# What the task asks
Each line from the one containing "54474 Huntington Road" to the last line of the listing below is to be duplicated exactly, and no picture is to be carried over.
****************
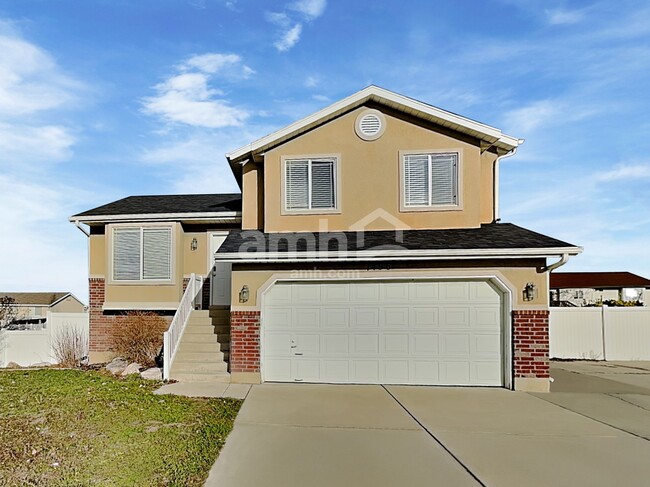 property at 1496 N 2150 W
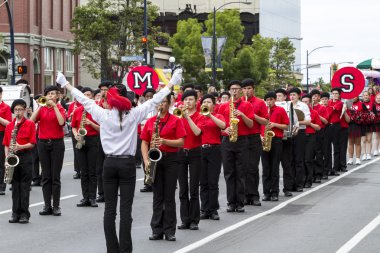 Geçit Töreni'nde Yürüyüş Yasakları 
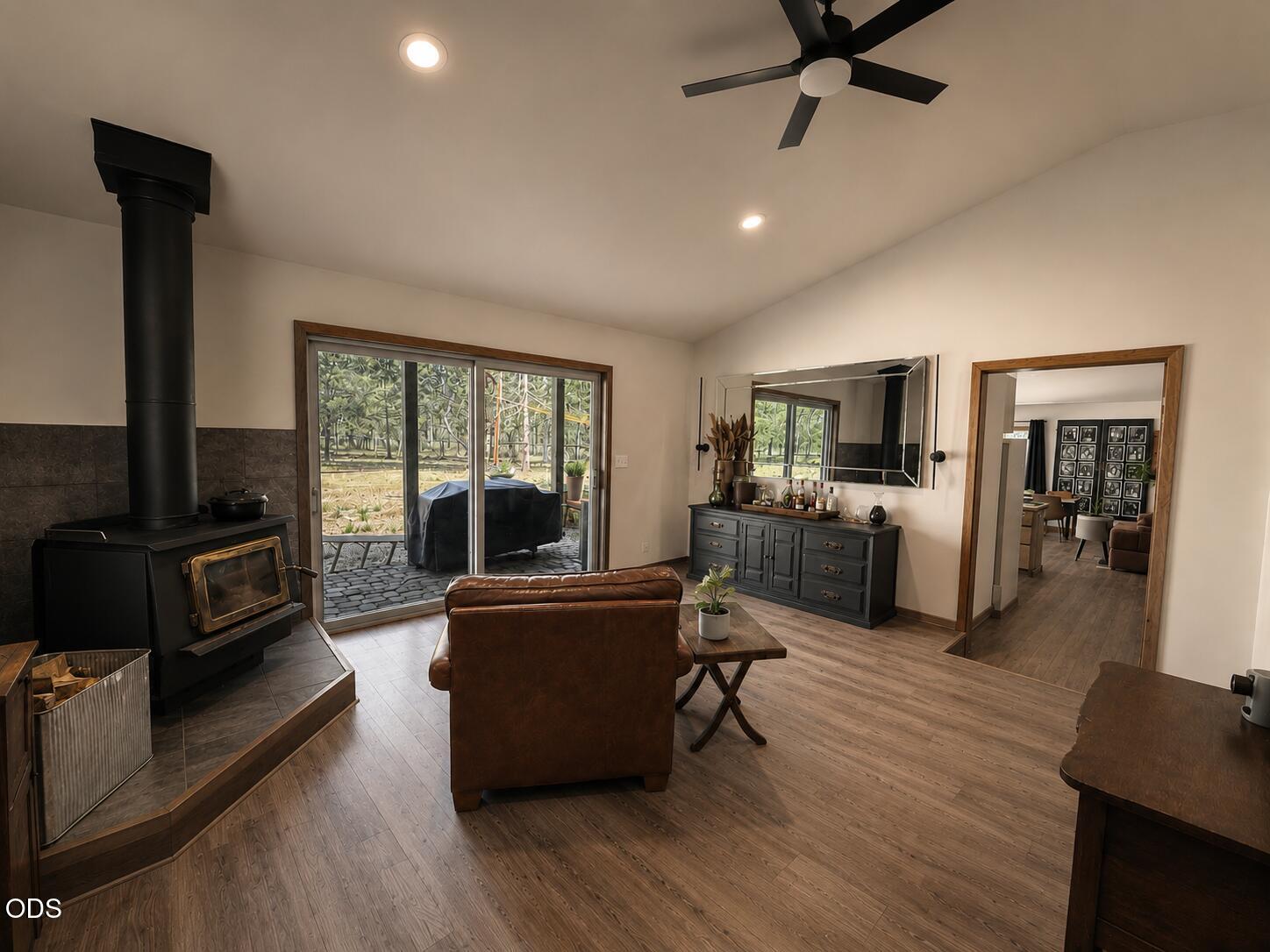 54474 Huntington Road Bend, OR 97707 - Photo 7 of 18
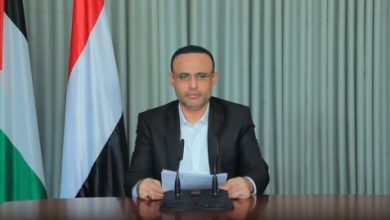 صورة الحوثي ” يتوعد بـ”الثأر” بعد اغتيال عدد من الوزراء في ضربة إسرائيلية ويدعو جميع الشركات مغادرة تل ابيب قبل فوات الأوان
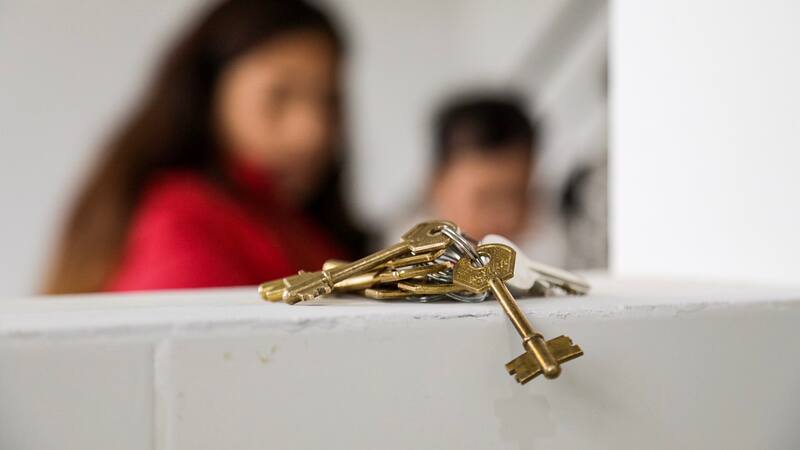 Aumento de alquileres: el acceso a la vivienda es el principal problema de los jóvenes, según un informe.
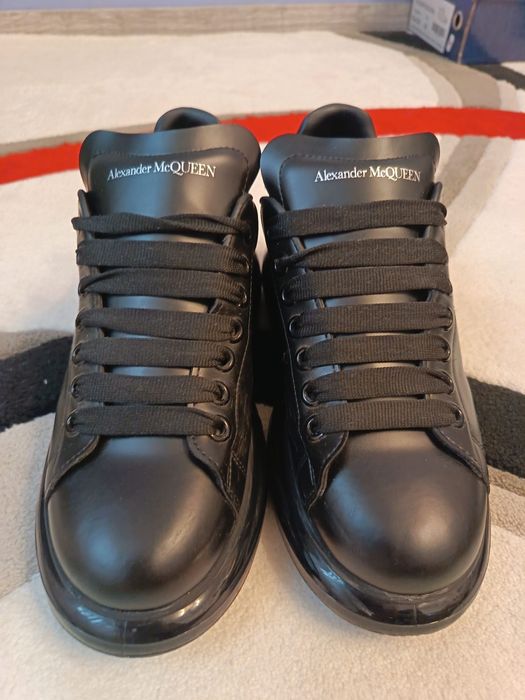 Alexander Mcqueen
****************
# Written response
 54474 Huntington Road Bend, OR 97707 - Photo 7 of 18
 صورة الحوثي ” يتوعد بـ”الثأر” بعد اغتيال عدد من الوزراء في ضربة إسرائيلية ويدعو جميع الشركات مغادرة تل ابيب قبل فوات الأوان
 Aumento de alquileres: el acceso a la vivienda es el principal problema de los jóvenes, según un informe.
 Alexander Mcqueen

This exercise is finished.